Stockmerkets have been on a tear over the past 18 months. Shares are, on average, up by a third globally. Commodities have rallied. And the optimism has infected corporate treasurers, who, for the first time in five years, are spending more on new buildings and equipment. Plenty of factors have fed into the upturn, from Europe’s recovery to early hopes for the Trump presidency. But its origins date back to a commitment by China to demolish steel mills and shut coal mines.
On the face of it, that is an unlikely spark for a change in sentiment. Normally, growth comes from the investment in new facilities, not the closure of those in use. In fact, China’s case is a rare one. By taking on extreme overcapacity, its cutbacks have provided a boost, for itself and for the global economy. The risk, however, is that the way the country is going about the cuts both disguises old flaws and creates new ones.
Steel crazy after all these years
China needs lots of material to build all its homes, trains and tunnels. Even so, it produces more than it can use. It accounts for roughly half of global production of steel, coal, aluminium, glass and cement. By one oft-cited gauge, China’s unused steel capacity equals the total annual output of the next four biggest producers (Japan, India, America and Russia) combined. As the excesses piled up in China over the years, they weighed on global prices, depressing profits for all. However, unlike their international rivals, Chinese firms could carry on expanding, confident of state support.

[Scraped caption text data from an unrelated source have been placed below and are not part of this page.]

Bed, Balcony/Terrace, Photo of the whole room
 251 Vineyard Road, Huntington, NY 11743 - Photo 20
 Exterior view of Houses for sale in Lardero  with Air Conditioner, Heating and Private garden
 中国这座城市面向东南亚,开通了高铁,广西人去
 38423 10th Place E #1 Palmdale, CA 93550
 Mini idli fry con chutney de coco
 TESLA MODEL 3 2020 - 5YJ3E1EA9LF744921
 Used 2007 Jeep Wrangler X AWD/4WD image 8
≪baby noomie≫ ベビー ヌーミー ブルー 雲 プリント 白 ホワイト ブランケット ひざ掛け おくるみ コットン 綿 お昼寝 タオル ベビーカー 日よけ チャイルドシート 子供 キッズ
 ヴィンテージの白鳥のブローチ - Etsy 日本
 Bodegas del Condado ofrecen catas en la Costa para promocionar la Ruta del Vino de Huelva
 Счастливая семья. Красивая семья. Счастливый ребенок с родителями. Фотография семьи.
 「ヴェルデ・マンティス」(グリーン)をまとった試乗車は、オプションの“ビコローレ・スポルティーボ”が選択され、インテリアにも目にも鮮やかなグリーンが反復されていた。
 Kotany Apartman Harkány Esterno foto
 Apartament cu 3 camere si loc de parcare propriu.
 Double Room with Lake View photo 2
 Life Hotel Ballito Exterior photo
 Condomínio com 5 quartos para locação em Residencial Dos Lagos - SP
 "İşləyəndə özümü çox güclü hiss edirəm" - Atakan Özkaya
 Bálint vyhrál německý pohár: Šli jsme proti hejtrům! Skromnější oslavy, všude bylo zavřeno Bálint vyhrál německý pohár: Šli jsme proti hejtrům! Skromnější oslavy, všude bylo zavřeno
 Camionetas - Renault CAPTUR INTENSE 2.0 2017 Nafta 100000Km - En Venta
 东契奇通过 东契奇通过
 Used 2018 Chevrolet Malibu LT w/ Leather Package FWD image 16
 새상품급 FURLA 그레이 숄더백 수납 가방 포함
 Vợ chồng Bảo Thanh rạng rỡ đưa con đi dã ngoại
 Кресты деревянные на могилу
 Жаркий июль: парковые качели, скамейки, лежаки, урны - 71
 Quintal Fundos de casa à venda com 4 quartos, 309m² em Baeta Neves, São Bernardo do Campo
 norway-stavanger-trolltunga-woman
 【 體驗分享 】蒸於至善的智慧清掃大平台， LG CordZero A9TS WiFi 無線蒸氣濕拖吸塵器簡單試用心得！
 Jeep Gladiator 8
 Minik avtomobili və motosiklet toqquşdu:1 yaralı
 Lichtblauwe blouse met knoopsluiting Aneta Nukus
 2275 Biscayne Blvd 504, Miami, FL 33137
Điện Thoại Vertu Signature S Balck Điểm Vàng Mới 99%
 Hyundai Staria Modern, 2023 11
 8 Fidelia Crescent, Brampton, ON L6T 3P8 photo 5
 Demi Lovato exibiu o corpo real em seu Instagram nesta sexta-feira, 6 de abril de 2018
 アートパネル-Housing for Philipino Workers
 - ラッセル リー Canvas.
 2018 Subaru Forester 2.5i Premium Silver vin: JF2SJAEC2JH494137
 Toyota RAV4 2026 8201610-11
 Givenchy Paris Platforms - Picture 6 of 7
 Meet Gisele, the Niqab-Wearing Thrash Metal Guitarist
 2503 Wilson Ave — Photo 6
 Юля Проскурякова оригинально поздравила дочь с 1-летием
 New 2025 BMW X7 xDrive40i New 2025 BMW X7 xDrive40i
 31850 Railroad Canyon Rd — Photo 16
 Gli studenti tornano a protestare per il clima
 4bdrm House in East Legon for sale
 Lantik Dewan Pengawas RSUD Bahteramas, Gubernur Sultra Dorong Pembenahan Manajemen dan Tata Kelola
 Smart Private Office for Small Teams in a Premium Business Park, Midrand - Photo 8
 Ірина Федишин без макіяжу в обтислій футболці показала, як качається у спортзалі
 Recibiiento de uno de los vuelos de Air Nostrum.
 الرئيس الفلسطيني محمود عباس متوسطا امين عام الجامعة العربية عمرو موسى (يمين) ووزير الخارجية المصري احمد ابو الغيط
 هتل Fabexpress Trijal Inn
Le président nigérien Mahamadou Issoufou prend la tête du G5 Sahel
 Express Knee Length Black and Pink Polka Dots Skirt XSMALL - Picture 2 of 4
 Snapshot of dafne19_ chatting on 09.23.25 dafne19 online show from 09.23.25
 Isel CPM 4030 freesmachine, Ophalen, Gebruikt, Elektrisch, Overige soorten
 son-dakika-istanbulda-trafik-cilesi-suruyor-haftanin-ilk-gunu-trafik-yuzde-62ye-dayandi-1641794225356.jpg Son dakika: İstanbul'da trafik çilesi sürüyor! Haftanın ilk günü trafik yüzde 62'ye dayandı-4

Then, in early 2016, China unveiled plans to cut its steel and coal capacity by at least 10% over five years, reducing potential global supply by 5%. The government’s theory was that it could turn the vicious industrial cycle into a virtuous one. With less production, prices would rise, leading to higher profits and, ultimately, a healthier economy. There were plenty of doubts about China’s ability to follow through; after all, pledges to cut capacity had featured in officials’ plans since the early 2000s, and over-investment had continued unabated.
But the idea that things might be different this time has gradually caught on (see article). Coal and steel prices have soared, as have profits in those industries. That set off a dramatic shift in market sentiment about China. Convinced that Xi Jinping, China’s president, has the will and ability to impose capacity cuts, investors have shed their fears that damaging deflation might be China’s next export. The yuan has appreciated; nominal growth is just shy of a five-year high. Economic policymakers in Beijing have regained some of their standing, which had been dented by a stockmarket crash and a ham-fisted currency devaluation in 2015. Global markets are reassured by the steady hand of Chinese central planners.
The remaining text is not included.